During the Oct. 2 to 4 inter-Korean summit, President Roh Moo-hyun will propose the complete withdrawal of armed forces from inside the demilitarized zone that has separated the two Koreas for more than a half century, a high-ranking administration official told the JoongAng Ilbo yesterday.
“President Roh will propose to Kim Jong-il, the North Korean National Defense Commission chairman, to completely pull out 100 South Korean GPs [guard posts] and 280 North Korean GPs from the DMZ,” the source said, referring to the military posts located inside the 4 kilometer-wide strip of land along the 243-kilometer long border. “Removing the GPs means the withdrawal of soldiers and arms located inside the zone.”
The 1953 Korean War armistice established the demilitarized zone, and only light infantry is supposed to patrol inside the DMZ. Building guard posts and deploying heavy weaponry is in violation of the truce, but the North Korean military constructed guard posts inside the zone a few years after the war and brought in heavy weapons, including machine guns. The South countered by doing the same.
“Roh’s proposal is to demilitarize the area in line with its original purpose and to seek a joint plan to make peaceful use out of it,” the source said. “The South had stipulated the peaceful use of the DMZ in the 1991 basic agreement between the two Koreas for that specific reason.”
The source said the first step would be the withdrawal of military facilities, soldiers and weapons from the DMZ step by step.

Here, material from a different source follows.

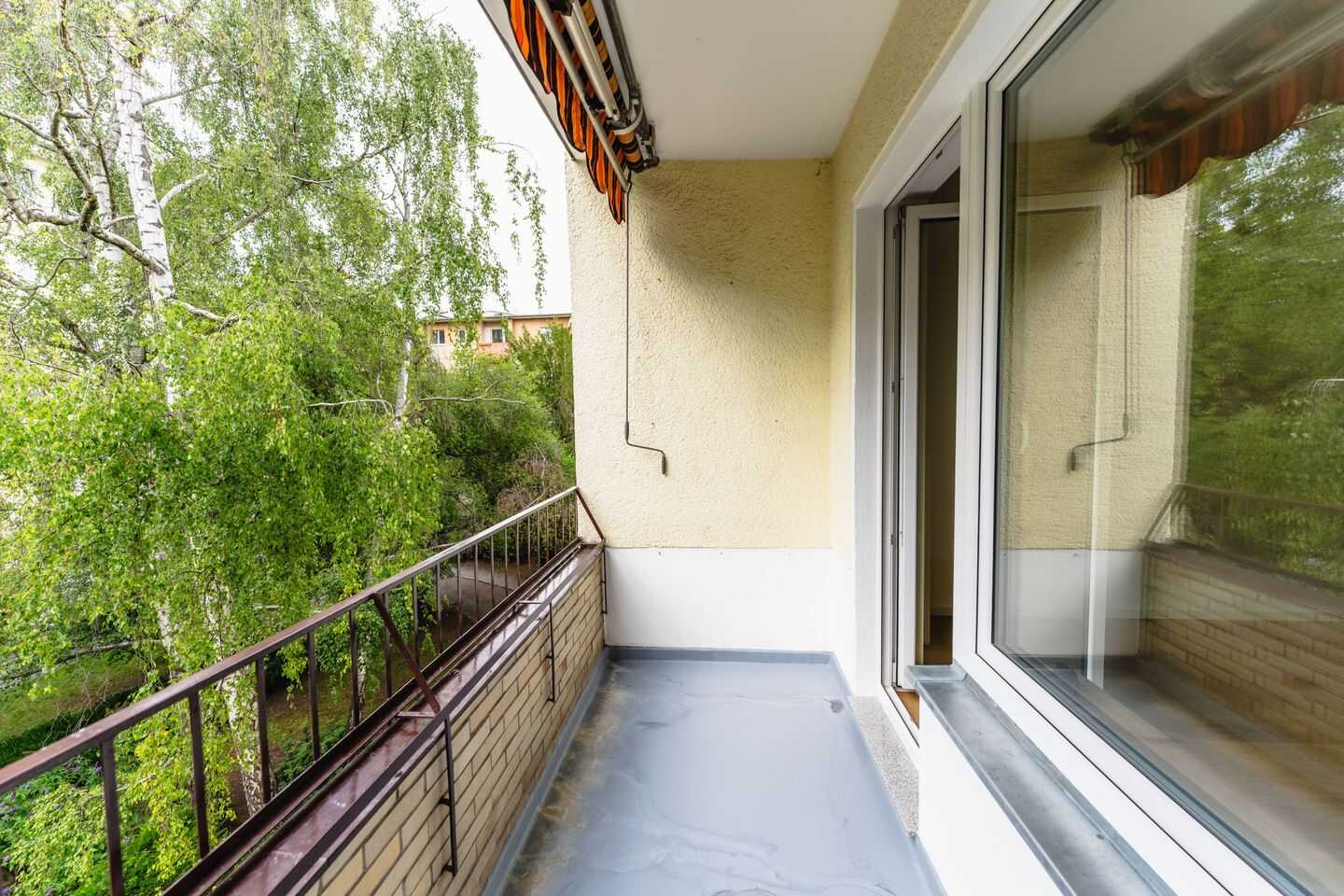 Viktoria-Luise-Platz: 3-Zi Erstbezug im 2.OG mit großem Balkon, optimalem Grundriss, Tageslichtbad mit Regendusche, Parkett, Fernwärme, Stellplatz – Berlin – Vorschaubild 4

Next would be building an ecological park inside the DMZ, he said.
If Kim accepts Roh’s proposal, a detailed program is expected to be discussed at military talks between the two Koreas. South Korea’s Defense Minister Kim Jang-soo is accompanying Roh to Pyongyang for this reason, sources informed about the summit agenda said.
The United Nations Command has jurisdiction over the southern part of the DMZ, and sources inside the command said it generally supports the removal of guard posts and heavy weaponry from the area in order to respect the truce agreement.
Roh’s proposal is not new. At general-level military talks in August 2005, Seoul proposed removing the guard posts, but Pyongyang rejected the plan.
The feasibility of the plan is unclear. The DMZ is the most heavily armed border in the world and guard posts are at the forefront. The North may try to bargain on other sensitive issues, such as its challenge to the Northern Limit Line, the maritime border in the Yellow Sea, in return for DMZ progress.
“To make this work, other tension reduction measures will be needed, like redeployment of the North’s conventional weapons such as long-range guns and rocket launchers by pulling them back from areas near the DMZ,” the senior government source said.